The biggest challenge in keeping the performance up for the graphics system was making sure that the sprites used for graphics in the game were properly tagged as belonging in system memory or video memory. If a sprite was in the wrong memory type a significant performance hit or even an error could occur, but it was usually hard to identify these graphics memory location problems. They were usually marked by a drawing problem on-screen, such as a shadow drawing on top of a unit instead of under it.

Sprites used by the software rendering engine needed to be in system memory so that they could be read and processed. If they resided in video memory instead, the limited throughput from video memory caused a significant performance hit to the game. Conversely, sprites bltted by the hardware that accidentally ended up in system memory would render slowly and could fail to render at all if the hardware bltter didn't support blts from system memory.

Pathfinding problems from AoE also had to be fixed. In AoE, there was a single unit-pathing system, which was known as "tile pathing" because it broke the game map down into individual tiles and classified them as "passable" or "nonpassable." This tile-pathing system was fairly good at moving units short distances, but it often took too long to find paths (if it could find one at all), so we created two additional pathing systems for AoK.

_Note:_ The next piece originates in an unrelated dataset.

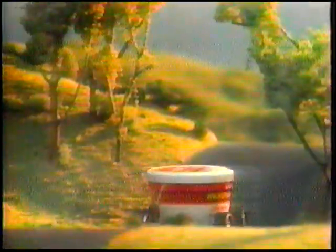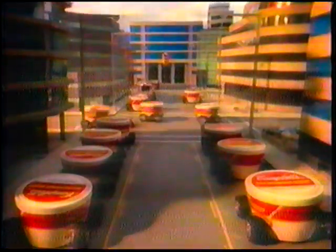Introducing the soup that's going places. Campbell's new microwave soup. They're quick, ready to serve in 90 seconds, and there's nothing to add, nothing to clean up. So easy to handle in their own microwave bowls, they go where you go.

The first of these two systems, "MIP-map pathing," quickly approximated distant paths across the map. The basis for MIP-map pathing was the construction of compact bit vectors that described the passability of each tile on the map. This system allowed the game to determine quickly whether it was even possible for a unit to get from its current location to the general target area. The only way to determine whether the general area could be reached was through the resolution of the bit vectors.

Once a unit was within a short distance of its target area, another new pathing system called "low-level pathing" was used. Low-level pathing allowed very accurate pathing over short distances. When low-level pathing failed, the pathing system fell back and used the original tile pathing from AoE.

Changing the pathing system from a single, general-purpose system to three special-purpose systems improved the performance of AoK and also significantly improved game play since it virtually eliminated the problem of stuck and stopped units caused by pathing failures.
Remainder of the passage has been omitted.